The problem: Please set down only the lines running from the one with "Apartament 4 camere, pe" through the last line of the entries, exactly as written and without any pictures.

Given data:
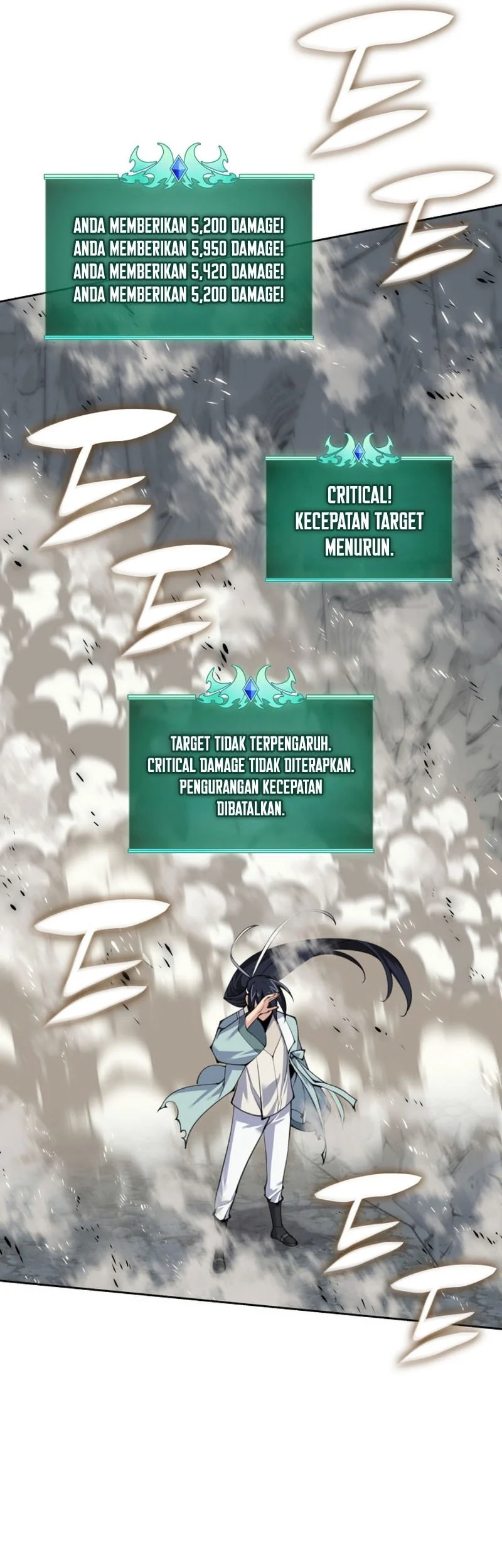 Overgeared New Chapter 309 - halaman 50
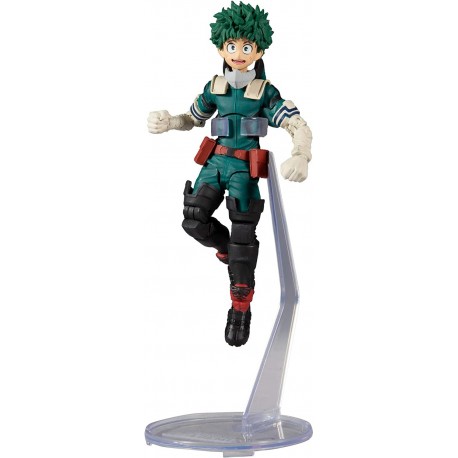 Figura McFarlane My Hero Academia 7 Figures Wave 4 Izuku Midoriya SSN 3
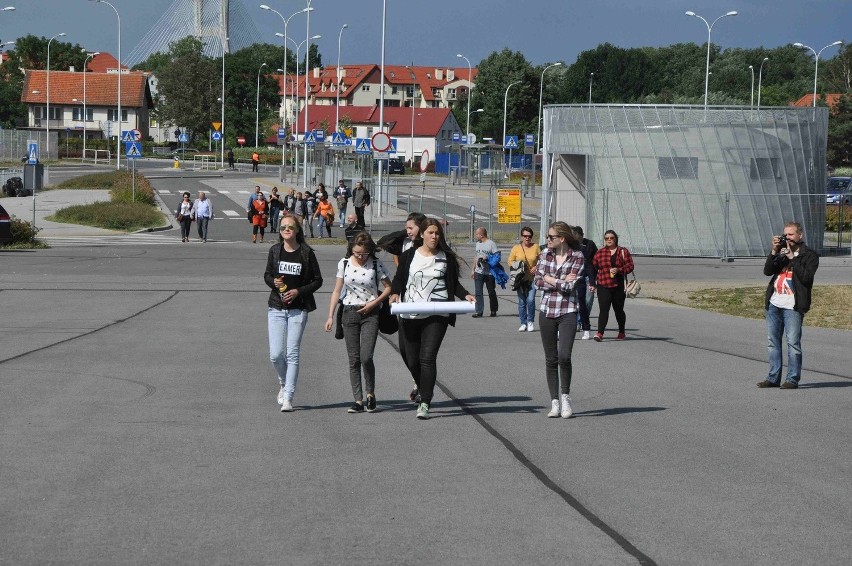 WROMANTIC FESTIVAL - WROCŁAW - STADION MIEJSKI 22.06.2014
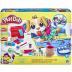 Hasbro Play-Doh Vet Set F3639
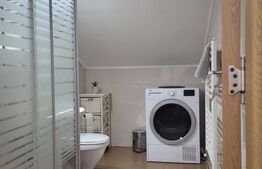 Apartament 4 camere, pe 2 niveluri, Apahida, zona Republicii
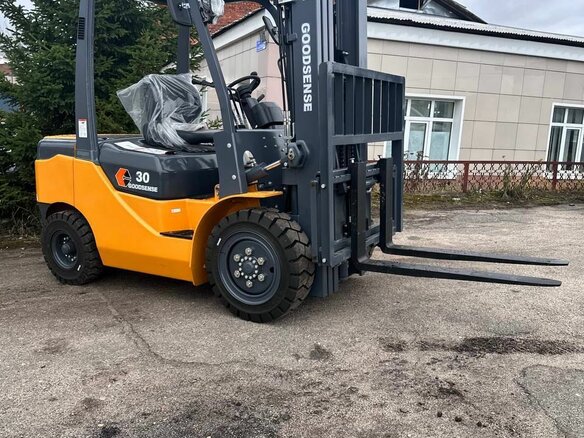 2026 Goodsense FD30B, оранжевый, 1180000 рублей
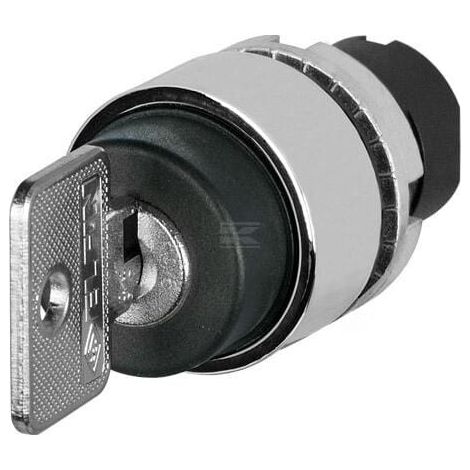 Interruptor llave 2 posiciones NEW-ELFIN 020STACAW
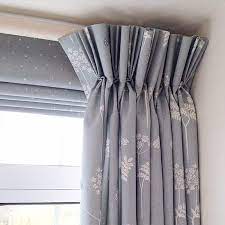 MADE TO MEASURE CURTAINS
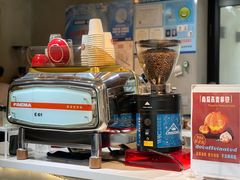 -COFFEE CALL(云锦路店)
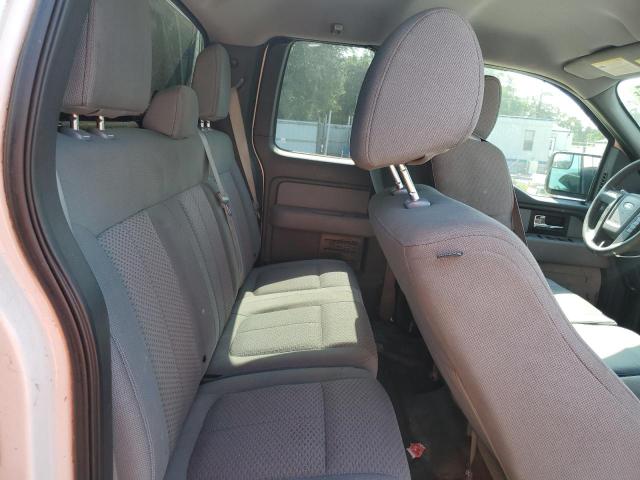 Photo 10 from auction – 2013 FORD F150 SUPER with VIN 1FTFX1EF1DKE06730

Task result:
 Apartament 4 camere, pe 2 niveluri, Apahida, zona Republicii
 2026 Goodsense FD30B, оранжевый, 1180000 рублей
 Interruptor llave 2 posiciones NEW-ELFIN 020STACAW
 MADE TO MEASURE CURTAINS
 -COFFEE CALL(云锦路店)
 Photo 10 from auction – 2013 FORD F150 SUPER with VIN 1FTFX1EF1DKE06730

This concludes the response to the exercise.